# **Milestone 1**

##**Context**
 
 - Why is this problem important to solve?

##**Objective**

 - What is the intended goal?

##**Key questions**

- What are the key questions that need to be answered?

##**Problem Formulation**:

- What is it that we are trying to solve using data science?

##**Attributes Information:**

This datset is the past monthly data of Carbon dioxide emissions from electricity generation from the US Energy Information Administration categorized by fuel type such as Coal, Natural gas etc.

**MSN:-** Reference to Mnemonic Series Names (U.S. Energy Information Administration Nomenclature)

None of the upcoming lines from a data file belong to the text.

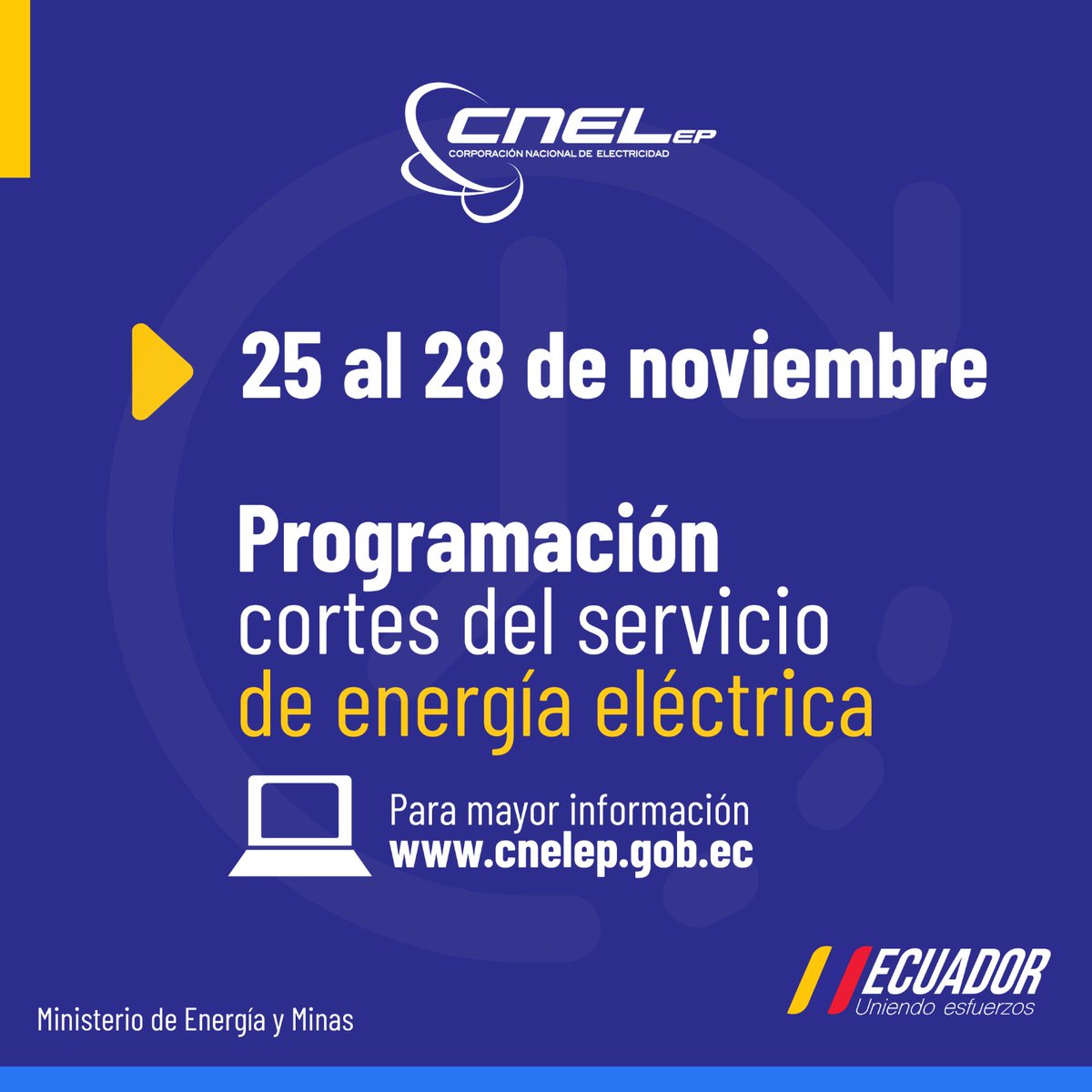 CNEL EP tweet media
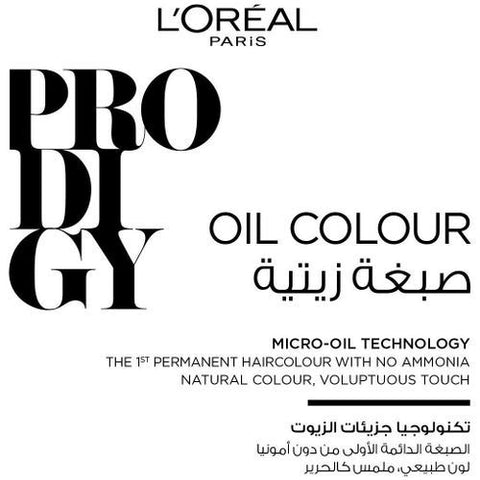 L'Oreal Paris صبغة شعر برودجي بدون أمونيا - 5 بني فاتح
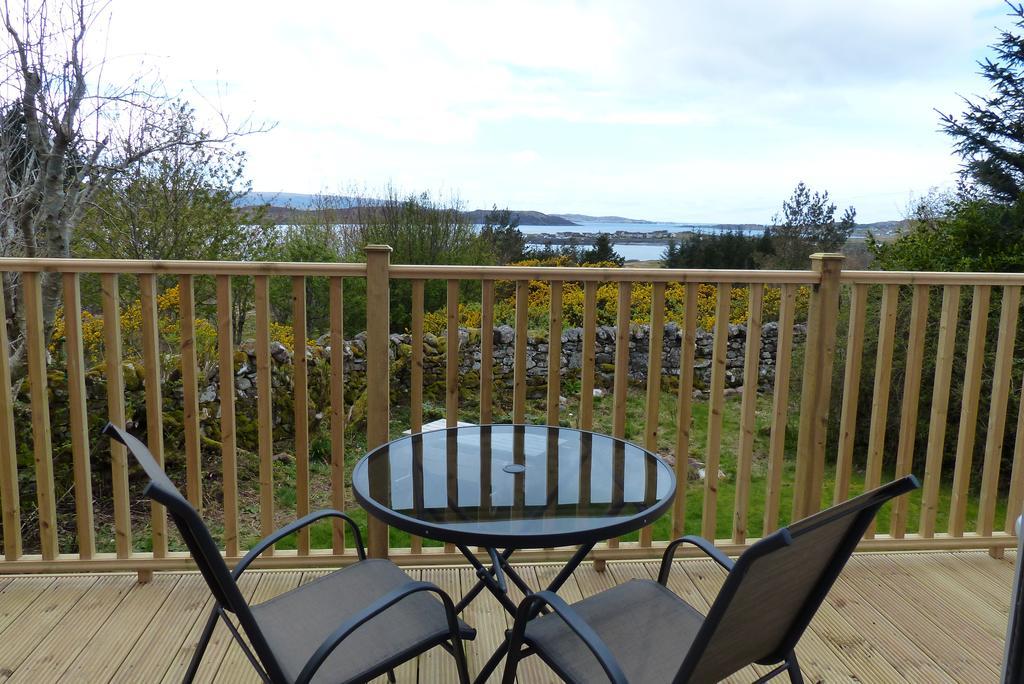 Aultbea Lodges Bagian luar foto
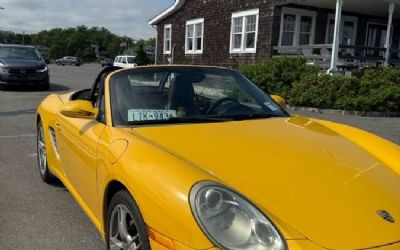 Photo of a 2006 Porsche Boxster for sale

**YYYYMM:-** The month of the year on which these emissions were observed

**Value:-** Amount of CO2 Emissions in Million Metric Tons of Carbon Dioxide

**Description:-**  Different category of electricity production through which carbon is emissioned.

## **Important Notes**

- This notebook can be considered a guide to refer to while solving the problem. The evaluation will be as per the Rubric shared for each Milestone. Unlike previous courses, it does not follow the pattern of the graded questions in different sections. This notebook would give you a direction on what steps need to be taken in order to get a viable solution to the problem. Please note that this is just one way of doing this. There can be other 'creative' ways to solve the problem and we urge you to feel free and explore them as an 'optional' exercise.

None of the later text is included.